Why Catholic Church discourages contraceptives?
Whenever there is an interest of offering family planning services to adolescents by civil societies a section of religious leaders especially the Catholic leaders raise a stern refusal to such plans. Recently when such a proposal was being discussed, even officials from the Ministry of Education asked for wider consultation with all stakeholders, especially the religious leaders. Surely religious leaders have a big influence of the matters of education to life and matters involving conscience.
In matters of love, relationship, sex and marriage Jesus often taught extreme things. For him true love is something that hurts. If love does not cause pain and stretch the lover, it is not love at all. One of his familiar saying is, “no one can have greater love, than to lay down one’s life for his friends.” Only in dying we understand the real meaning and the depth of love. He shocked his listeners by declaring that divorce and remarriage constitute adultery (Mk 10:1-12). Catholic Church looks at contraceptives as something that compromises true love. It compromises on self-giving, sacrifice, and being fruitful in love.
For centuries, having inspired by a biblical text in the book of Genesis, that it is sin to “spill the seed of life,” Christianity as a whole prohibited any form of contraception because it considered any act that stood in the way of pregnancy an affront to “God’s design.” But in 1930 the Anglican Church endorsed the use of contraceptives, but advised its Christians to use them in the “light of Christian principles” but did not give more light on the teaching.
In 1968, when the famous Pill commonly came in use, after several arguments, Pope Paul VI sent out an encyclical entitled Humanae vitae, Latin for “Human life” giving clear teaching on the use of contraceptives. The letter served to uphold the Church’s orthodox views on marriage, “married love,” and birth control.

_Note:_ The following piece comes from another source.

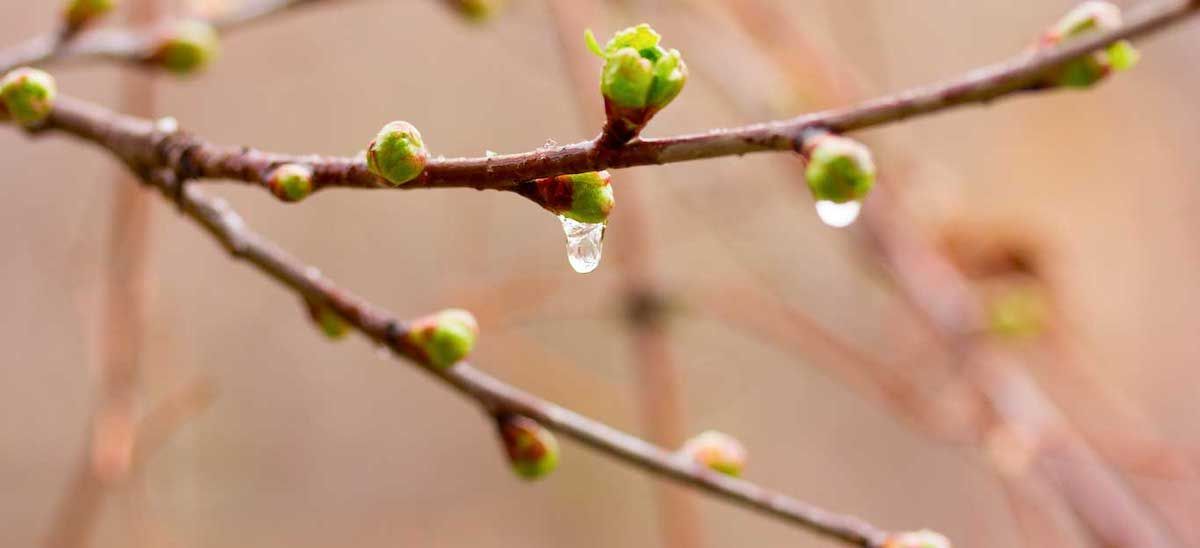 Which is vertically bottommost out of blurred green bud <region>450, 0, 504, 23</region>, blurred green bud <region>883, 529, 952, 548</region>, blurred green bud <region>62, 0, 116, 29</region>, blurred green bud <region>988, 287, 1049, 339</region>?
blurred green bud <region>883, 529, 952, 548</region>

In it, he wrote that abortion, even for “therapeutic” means, was totally out of the question, as was sterilization, whether temporary or permanent.

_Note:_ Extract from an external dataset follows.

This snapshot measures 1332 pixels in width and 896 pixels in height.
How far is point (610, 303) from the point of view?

In article no. 14 the document says, “…every action which, either in anticipation of the conjugal act, or in its accomplishment, or in the development of its natural consequences, proposes, whether as an end or as a means, to render procreation impossible”. Such unnatural forms include the Pill, the intrauterine device, foams, diaphragms, condoms, withdrawal, mutual or solitary masturbation and sodomistic practices. On the other hand, the Church always upholds the values of total self-giving of married couple to each other and the practice of conjugal chastity. That is, being pure in body, mind and soul and totally faithful to each other without any reservation.

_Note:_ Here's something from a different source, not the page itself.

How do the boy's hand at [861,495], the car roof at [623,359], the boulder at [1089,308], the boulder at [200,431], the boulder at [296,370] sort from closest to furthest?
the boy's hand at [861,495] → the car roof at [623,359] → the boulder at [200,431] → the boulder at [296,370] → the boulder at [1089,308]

The Catholic Church strongly believes that human sexuality is sacred and it should be open to life and not merely for pleasure. It believes that merely self-seeking pleasure is hedonistic—inhuman and ungodly. This way of self-gratification is against Christian Charity. Because the foundation of Christian moral the human person. Self-gratification merely objectifies the human person that should be avoided.
Concerned religious leaders always insist that introducing artificial family planning especially to adolescents introducing them to unhealthy practices of human sexuality, demeaning the sacredness of sex and indirectly (or directly) introducing them to many sexual vices.
Catholic Church is never against sex within the sacred matrimony, but it believes that suppressing fertility by using contraception denies part of the inherent meaning of married sexuality and does harm to the couple’s unity. But the Church always supports and educates married couple the Natural Family Planning which surely calls for self-discipline, personal sacrifice, and mutual love and concern on the part of each partner.
In the matter of contraceptives, the Church’s teaching is not only about observing a rule, but about preserving the total, mutual gift of two persons in its integrity. Only by doing this man and women reach full maturity in life and love.